Subuh beranjak pagi dengan kicau berbagai jenis burung yang hinggap di beberapa pohon jati yang tumbuh di sekitar rumah Pak Nawari, demikian pohon kersen di depan rumah telah mulai di datangi satu demi satu kupu – kupu dengan berbagai warna dan bentuk kemudian sang alumni ganti berganti berdatangan dari arah yang berbeda, jeritan histeris pelukan spontan dan tangisan haru seakan hiasan kemewahan bathin yang kerontang lama tidak disiram rasa persahabatan.
Hidangan pelengkap bahagia berlimpah bermacam rasa, penulis sempat nerveus hendak mencoba yang mana akhirnya di putuskan semua dicicipi dengan ala kadarnya saja dimulai dengan mengambil satu pisang kecil diiringi salak pondoh jadah tempe, kacang garing hasil panenan dari kebun sang empunya rumah dan getuk goreng sponcake plus kipa (dibaca : kipo) yang terbuat dari tepung ketan dengan isi enten – enten itupun sudah berasa terlalu berlebihan, semua mendapat jatah untuk antri menuju pencernaan.
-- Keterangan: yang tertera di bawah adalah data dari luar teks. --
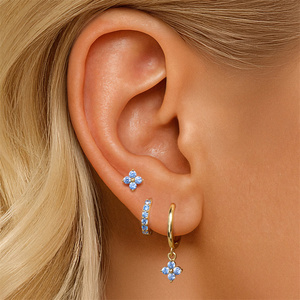 Juego de 3 Aretes de Plata de Ley 925 Chapados en Oro de 18K para Mujer, Diseño de Pétalo, Micro Pavé, Ópalo, Circonita Cúbica, Regalo de Joyería - Product Image 6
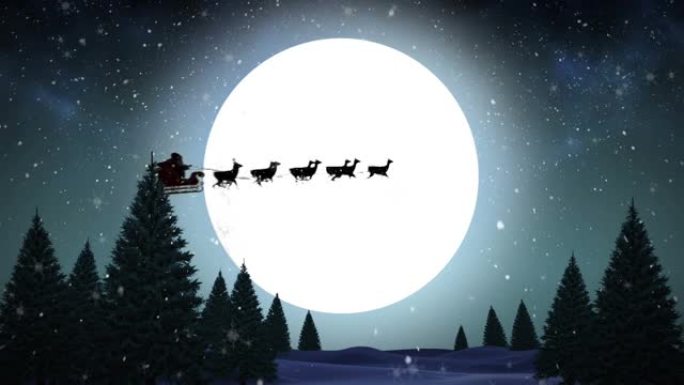 圣诞老人在雪橇上的动画与驯鹿在降雪量和月亮在蓝色背景上
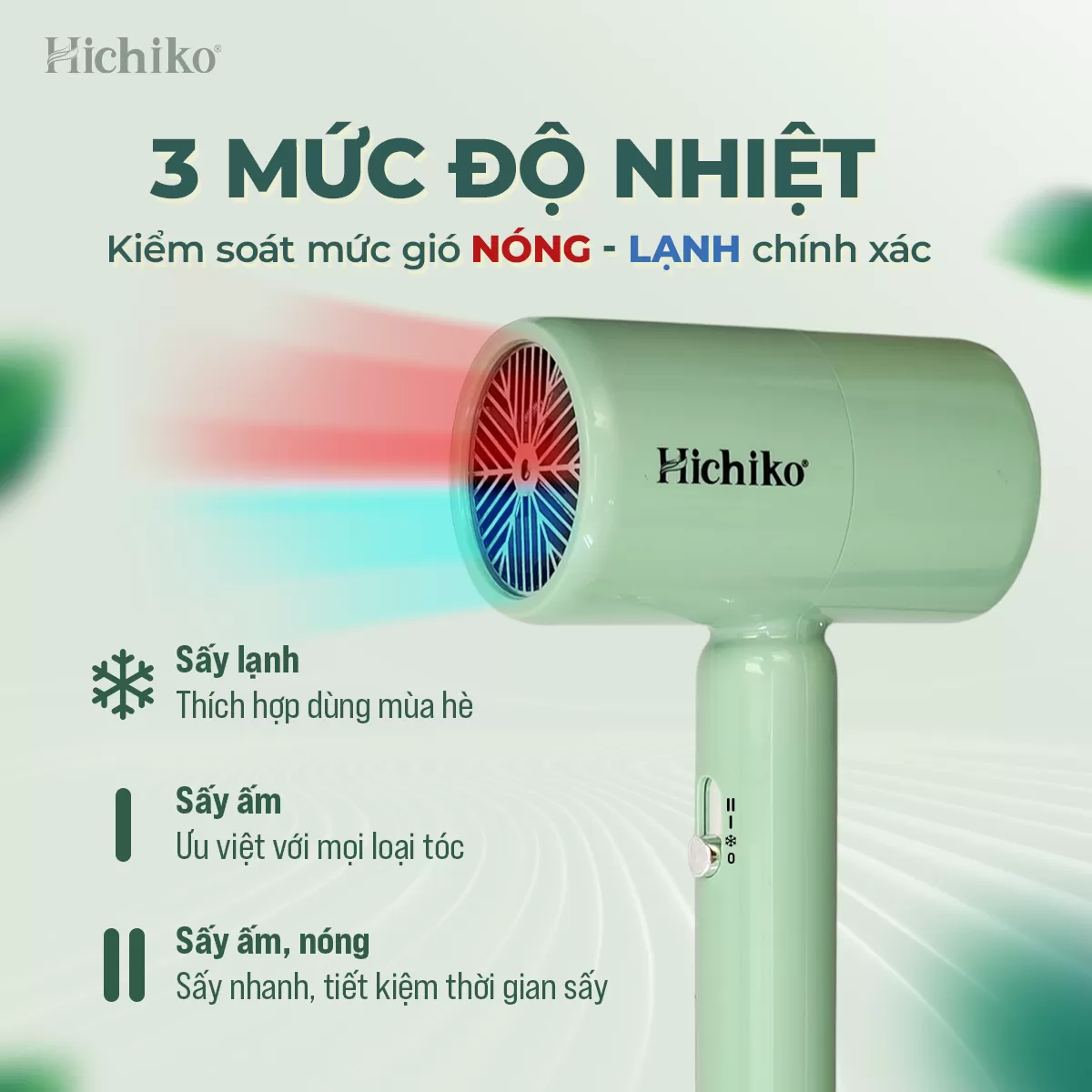 Máy sấy tóc đầu tạo kiểu Hichiko HC-5511, có ánh sáng xanh bảo vệ tóc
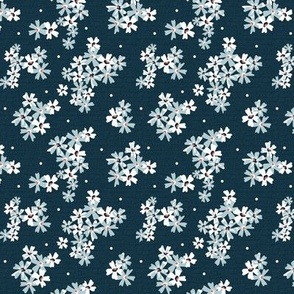 Garden Breeze Floral Navy Blue and Light Blue Small Scale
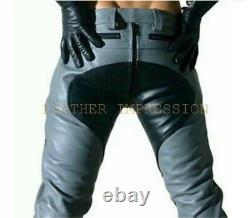 100% Real Leather Grey And Black Gay Uniform Pants and Shirts Men Leather Pants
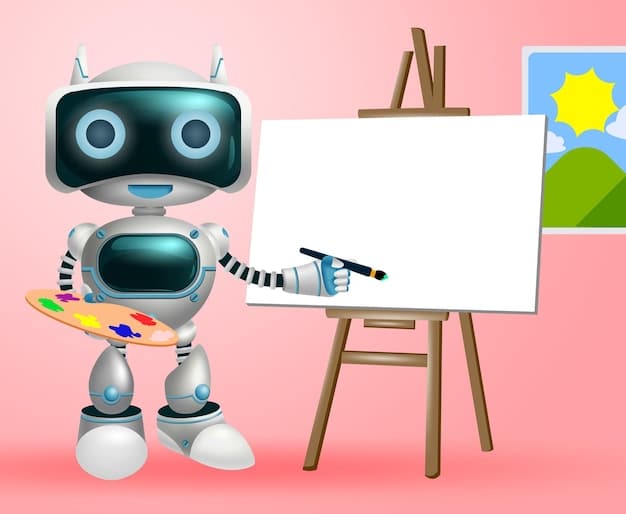 A cartoonish depiction of an AI robot holding a clapperboard with 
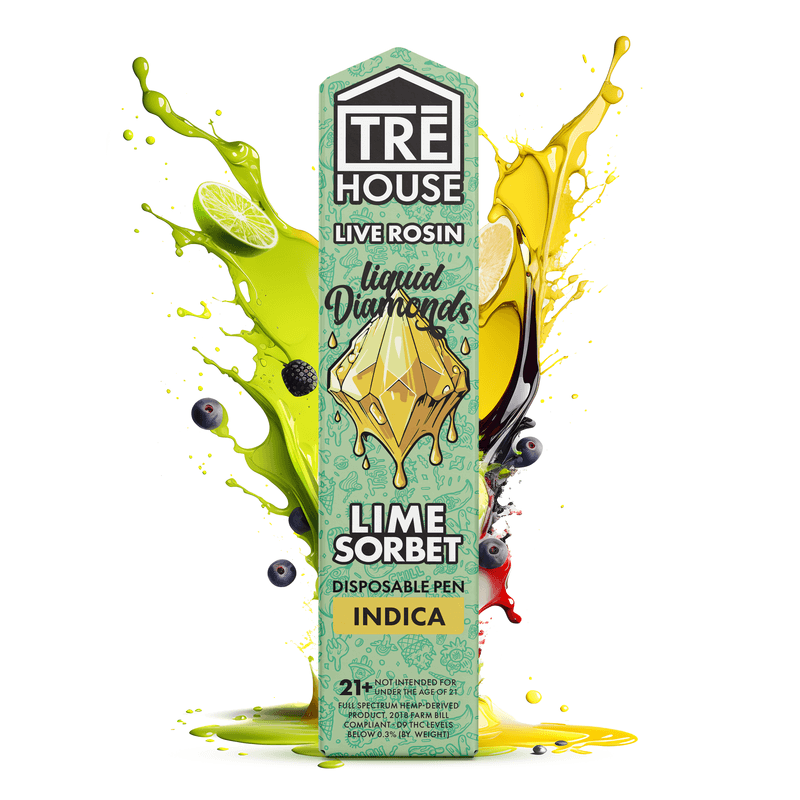 Pen – Lime Sorbet – Indica – Live Rosin – Liquid Diamonds – (10 Pack)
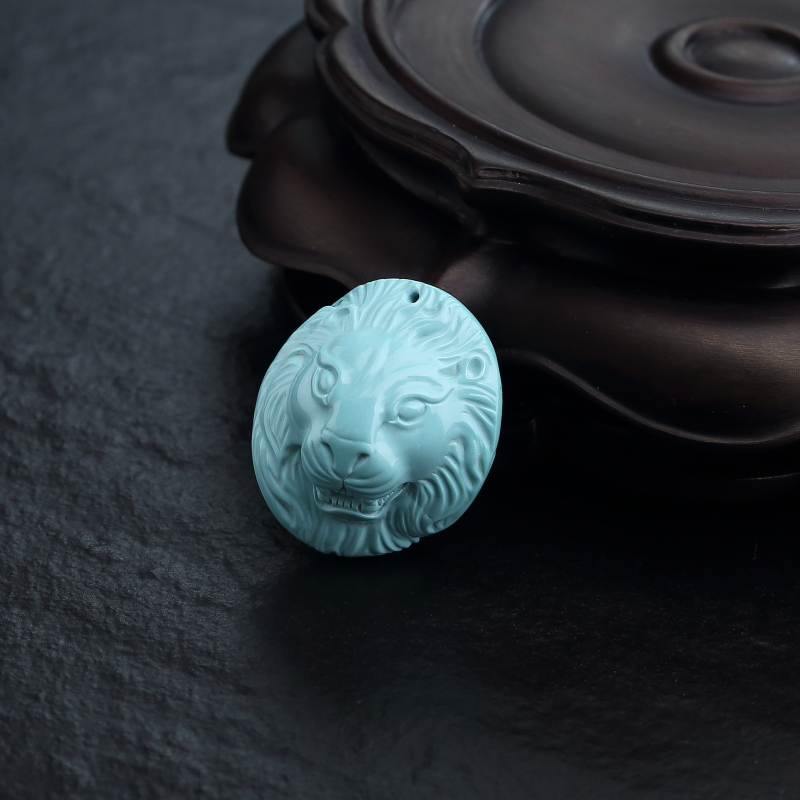 高瓷蓝绿绿松石狮子头吊坠-红掌柜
Sambil menumpah ruahkan rindu berbagi waktu kepada semua rekan yang hadir lebih dari 50 orang, acara lebih pada nostalgia masa lalu yang pedih, perih, sepet plus manis semua terungkap dengan indah dan penuh syukur bahkan tepatnya seakan tidak menyangka bisa dipertemukan dalam sebuah majlis perjumpaan kasipnya waktu menuai sesal akan tetapi biarlah rindu kita simpan berjamaah.
Nasi Kenduri yang dihidangkan tuan rumah untuk menjamu para hadirin seakan pencerminan jiwa yang rindu dendam, bukan hanya tampilannya yang memikat dengan tetenong / tenong yang antik, bahkan macam lauk pauk berbumbu prima, beberapa jenis yang berasa sangat istimewa :
- Nasi Toping Srundeng
Nasi dicetak bulat padat dan di letak melingkari ayam ingkung yang diletakkan ditengah dengan piring beling berwarna putih, rasa nasi sangat pulen dengan toping srundeng aura tradisional memang lekat di lidah, seakan kembali ke masa kerajaan dahulu kala (khayal . . . !)
- Ayam Ingkung
Ayam Ingkung adalah ayam utuh berbumbu opor putih gurih dan empuk, biasanya sebagai “Ubo Rampe” dimasak utuh sebagai pelengkap persembahan, di daerah Jawa – Barat dikenal dengan bakakak ayam dimasak utuh dari kepala hingga kaki, konon jika melihat riwayatnya ayam ingkung memang sengaja dimasak utuh tanpa di potong - potong untuk perlengkapan sesaji persembahan para leluhur jaman kepercayaan animisme dan dinamisme, sama dengan bakakak untuk persembahan para dewa . . . (hadheu . . . yang hadir adalah dewa dan dewi yang berkumpul di kampung Kunden, entahlah dewa dan dewi apaan)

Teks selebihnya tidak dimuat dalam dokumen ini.